**The records:**

== Segment start ==

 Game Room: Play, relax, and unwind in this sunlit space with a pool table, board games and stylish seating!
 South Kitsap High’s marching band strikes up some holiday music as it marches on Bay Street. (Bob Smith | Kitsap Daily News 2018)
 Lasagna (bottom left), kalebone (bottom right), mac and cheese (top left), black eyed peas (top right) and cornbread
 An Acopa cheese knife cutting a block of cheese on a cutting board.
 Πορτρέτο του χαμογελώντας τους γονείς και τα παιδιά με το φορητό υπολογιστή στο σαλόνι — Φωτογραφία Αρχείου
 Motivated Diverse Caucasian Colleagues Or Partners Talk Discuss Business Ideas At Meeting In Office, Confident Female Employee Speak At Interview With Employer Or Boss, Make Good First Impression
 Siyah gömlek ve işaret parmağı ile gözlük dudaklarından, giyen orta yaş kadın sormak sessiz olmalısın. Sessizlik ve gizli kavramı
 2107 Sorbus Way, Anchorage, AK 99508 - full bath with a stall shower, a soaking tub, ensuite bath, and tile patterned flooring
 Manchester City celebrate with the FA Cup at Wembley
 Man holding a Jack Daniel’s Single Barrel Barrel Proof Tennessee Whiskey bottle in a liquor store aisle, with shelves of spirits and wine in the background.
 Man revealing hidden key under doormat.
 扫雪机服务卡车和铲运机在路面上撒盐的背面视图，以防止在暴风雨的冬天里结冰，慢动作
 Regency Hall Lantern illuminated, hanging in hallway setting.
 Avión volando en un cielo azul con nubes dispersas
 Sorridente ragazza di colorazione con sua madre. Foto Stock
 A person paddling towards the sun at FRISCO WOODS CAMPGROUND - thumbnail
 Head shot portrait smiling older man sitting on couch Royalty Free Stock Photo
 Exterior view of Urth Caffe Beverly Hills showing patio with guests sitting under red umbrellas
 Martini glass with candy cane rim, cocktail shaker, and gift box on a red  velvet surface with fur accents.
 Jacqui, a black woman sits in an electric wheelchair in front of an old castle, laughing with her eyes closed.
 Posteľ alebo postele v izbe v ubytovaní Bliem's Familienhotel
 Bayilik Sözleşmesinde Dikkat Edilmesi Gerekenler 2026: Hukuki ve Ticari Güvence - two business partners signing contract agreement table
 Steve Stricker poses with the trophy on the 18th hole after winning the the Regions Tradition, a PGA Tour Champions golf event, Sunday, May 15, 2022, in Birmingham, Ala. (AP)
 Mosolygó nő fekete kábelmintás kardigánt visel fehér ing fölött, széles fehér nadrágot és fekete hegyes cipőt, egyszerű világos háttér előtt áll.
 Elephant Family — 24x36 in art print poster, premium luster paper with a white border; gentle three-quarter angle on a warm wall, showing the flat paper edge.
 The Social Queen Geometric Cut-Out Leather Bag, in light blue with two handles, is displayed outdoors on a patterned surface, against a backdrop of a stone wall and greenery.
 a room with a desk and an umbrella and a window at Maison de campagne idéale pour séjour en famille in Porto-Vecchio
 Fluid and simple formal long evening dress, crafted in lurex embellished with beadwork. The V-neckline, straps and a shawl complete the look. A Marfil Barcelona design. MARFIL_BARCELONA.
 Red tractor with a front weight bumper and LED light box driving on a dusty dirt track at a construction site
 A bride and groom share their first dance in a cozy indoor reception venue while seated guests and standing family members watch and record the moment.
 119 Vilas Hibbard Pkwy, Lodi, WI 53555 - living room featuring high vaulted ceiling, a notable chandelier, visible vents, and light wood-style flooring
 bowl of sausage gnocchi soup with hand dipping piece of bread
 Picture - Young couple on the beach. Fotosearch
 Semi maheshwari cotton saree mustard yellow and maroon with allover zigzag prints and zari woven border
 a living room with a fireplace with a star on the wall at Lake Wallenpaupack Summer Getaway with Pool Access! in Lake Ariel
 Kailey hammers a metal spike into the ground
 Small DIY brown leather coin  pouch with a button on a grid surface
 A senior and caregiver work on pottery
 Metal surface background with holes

== Segment end ==

**Exercise description:**
Give back exactly the lines of the listing above that run from the line with "扫雪机服务卡车和铲运机在路面" to the line with "Mosolygó nő fekete", inclusive.

**Response to this task:**
 扫雪机服务卡车和铲运机在路面上撒盐的背面视图，以防止在暴风雨的冬天里结冰，慢动作
 Regency Hall Lantern illuminated, hanging in hallway setting.
 Avión volando en un cielo azul con nubes dispersas
 Sorridente ragazza di colorazione con sua madre. Foto Stock
 A person paddling towards the sun at FRISCO WOODS CAMPGROUND - thumbnail
 Head shot portrait smiling older man sitting on couch Royalty Free Stock Photo
 Exterior view of Urth Caffe Beverly Hills showing patio with guests sitting under red umbrellas
 Martini glass with candy cane rim, cocktail shaker, and gift box on a red  velvet surface with fur accents.
 Jacqui, a black woman sits in an electric wheelchair in front of an old castle, laughing with her eyes closed.
 Posteľ alebo postele v izbe v ubytovaní Bliem's Familienhotel
 Bayilik Sözleşmesinde Dikkat Edilmesi Gerekenler 2026: Hukuki ve Ticari Güvence - two business partners signing contract agreement table
 Steve Stricker poses with the trophy on the 18th hole after winning the the Regions Tradition, a PGA Tour Champions golf event, Sunday, May 15, 2022, in Birmingham, Ala. (AP)
 Mosolygó nő fekete kábelmintás kardigánt visel fehér ing fölött, széles fehér nadrágot és fekete hegyes cipőt, egyszerű világos háttér előtt áll.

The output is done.